PM: As an undergraduate taking courses on medieval and early modern Europe, I became fascinated by the idea that towns and cities were miniature self-governing communes. In graduate school I decided to pursue early American history, but I wanted to know more about how that vision of the city shaped early colonialism beyond the archetypal New England town. Although I was in Virginia, I assumed that I would need to look elsewhere for examples because the scholarly literature was so adamant that the Chesapeake was completely rural. After a little digging, though, I was astonished to come across Robert Beverley Jr., the famous champion of Virginia’s early plantocracy, sponsoring an act in 1706 to establish incorporated self-governing towns across the colony, replete with guilds, markets, and provincial representation.

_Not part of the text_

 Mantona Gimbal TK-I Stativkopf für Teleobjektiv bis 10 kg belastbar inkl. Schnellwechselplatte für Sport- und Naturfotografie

I quickly realized that this was the tip of the iceberg. Everywhere I looked through seventeenth-century Virginia and Maryland, people were talking about building towns—what it would achieve, how it should be done, and where others had gone wrong—and they were unmistakably drawing from the rich traditions of European chartered boroughs and self-governing cities. The Chesapeake’s rural character, which has largely been portrayed as a product of environmental determinism, suddenly appeared as an active choice made by a particular section of colonial society in response to these questions. I realized that in looking for towns, I had found some of the critical building blocks of rural plantation society.

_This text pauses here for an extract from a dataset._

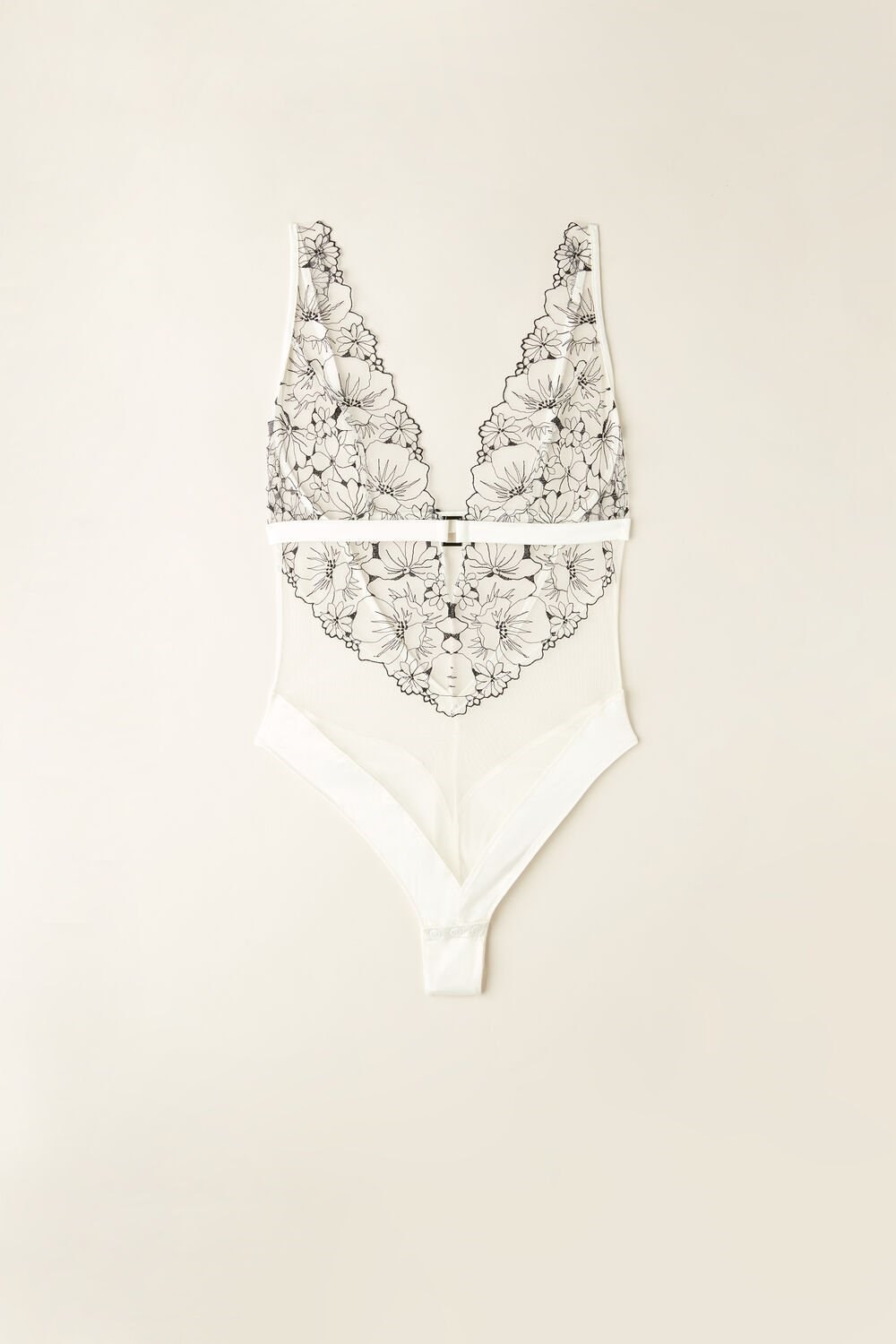 Intimissimi Pure Joy Tulle and Kanten Bodysuit Wit Zwart | OWVQM8957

JF: In two sentences, what is the argument of Urban Dreams, Rural Commonwealth: The Rise of Plantation Society in the Chesapeake?

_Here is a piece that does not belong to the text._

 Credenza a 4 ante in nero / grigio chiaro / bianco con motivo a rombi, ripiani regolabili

PM: Our usual picture of the colonial Chesapeake is of a starkly rural society of tobacco and slavery that inhibited the development of towns and cities, but I reveal that urban development was actually one of the most hotly contested topics in the region throughout the seventeenth and eighteenth centuries. I argue that the absence of major urban places was not a product of plantation agriculture; rather, the relationship was quite the opposite, because decades of failed urban development were instrumental in forging the political structures and economic policies that facilitated big plantations in the Chesapeake and in shaping the agrarian outlook of the planter class in the new republic.
JF: Why do we need to read Urban Dreams, Rural Commonwealth: The Rise of Plantation Society in the Chesapeake?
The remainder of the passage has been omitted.